Iran: Human rights defender Reza Khandan arrested and Nasrin Sotoudeh remains on hunger strike
According to reports received from Iran by the Gulf Centre for Human Rights (GCHR), human rights defender Reza Khandan, husband of detained prominent human rights lawyer Nasrin Sotoudeh, has been arrested.
On 04 September 2018, Khandan was arrested almost three months after his wife Sotoudeh was arrested on 13 June. His lawyer, Mohammad Moghimi, said in a Facebook post, “This morning, 04 September 2018, my client, Mr. Reza Khandan, husband of human rights lawyer Mrs. Nasrin Sotoudeh, was arrested at his home and at Branch 7 of Evin Prosecutor's Office, three accusations were directed against him: assembly and collusion against national security, propaganda against the system, and spreading and promoting [the wearing] of no hijab in society. He was informed that a bail amount of 700 million Iranian Toman (USD$16,630) will be issued for him.” Later reports confirmed that he rejected the bail, and he is being held in Evin prison, the same prison as Sotoudeh.
Badges were found in the family’s home, saying “No to compulsory hijab,” which has led to the arrest of several prominent human rights defenders, including Dr. Farhad Meysami, a friend of Sotoudeh’s.
Sotoudeh went on hunger strike on 25 August 2018 to protest poor treatment of family and friends since her arrest in June. See: https://www.gc4hr.org/news/view/1938 According to some other reports, the next day, three new charges were filed against her for “urging a referendum,” “assisting in the formation of house churches” and “organising protest rallies.”
On 13 June 2018, Sotoudeh was taken from her home in Tehran.

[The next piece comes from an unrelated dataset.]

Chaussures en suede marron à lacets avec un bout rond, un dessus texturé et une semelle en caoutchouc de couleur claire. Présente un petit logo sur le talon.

During the interrogation, she was told that the charges against her are “propaganda against the state,” for allegedly being a member of LEGAM, an NGO opposed to the death penalty, and “assembly and collusion against national security.” On 15 August 2018, Sotoudeh was sentenced to five years in prison in absentia for the two charges as well as for “espionage”. She has appealed the conviction.
Reports suggested that her detention comes following her legal representation of women arrested in Iran for peacefully protesting against the Islamic Republic’s compulsory hijab law, and for criticising the judiciary. For more info, see https://www.gc4hr.org/news/view/1924.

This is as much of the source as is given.